** Records to process follows **
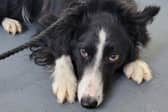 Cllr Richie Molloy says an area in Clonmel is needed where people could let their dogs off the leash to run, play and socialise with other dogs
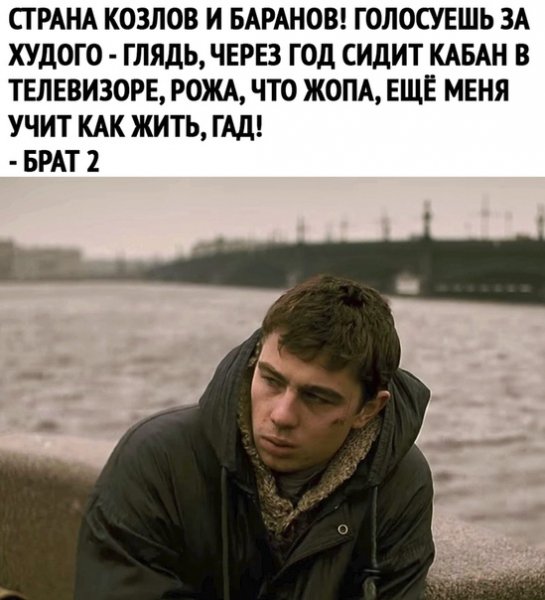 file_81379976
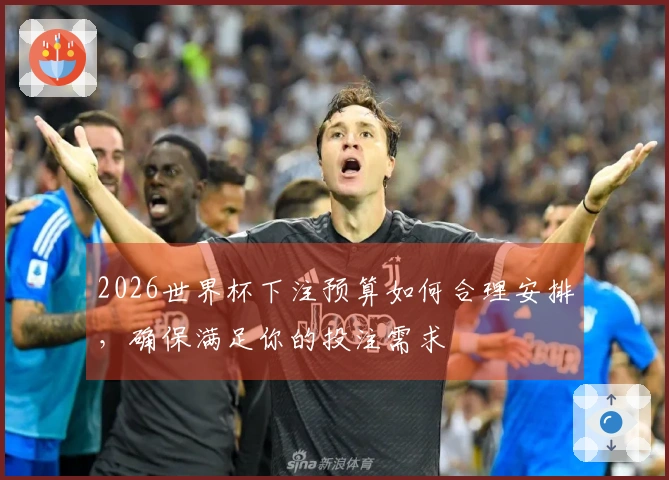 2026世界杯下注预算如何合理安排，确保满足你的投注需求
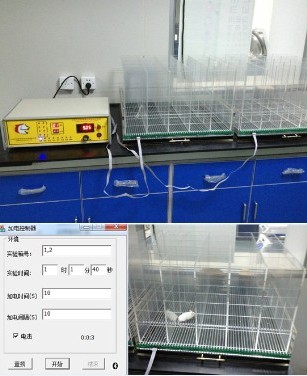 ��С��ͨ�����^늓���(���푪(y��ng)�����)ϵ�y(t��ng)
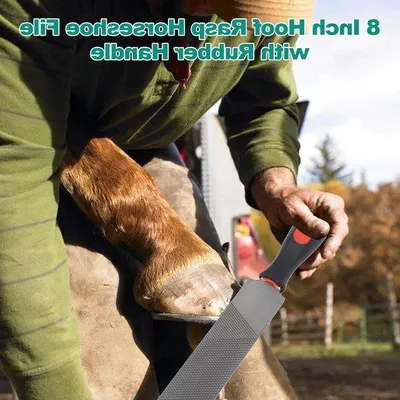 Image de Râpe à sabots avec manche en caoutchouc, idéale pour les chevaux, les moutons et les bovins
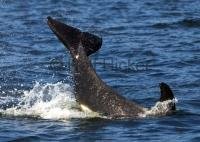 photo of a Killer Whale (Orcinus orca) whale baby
** End of Records to process **
** Records to process follows **
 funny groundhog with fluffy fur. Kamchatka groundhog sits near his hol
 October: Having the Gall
** End of Records to process **
* To do
Beginning with the line containing "funny groundhog with" and ending with the line containing "October: Having the Gall", extract those lines exactly from the listing above, and only those.

* Answer to the exercise
 funny groundhog with fluffy fur. Kamchatka groundhog sits near his hol
 October: Having the Gall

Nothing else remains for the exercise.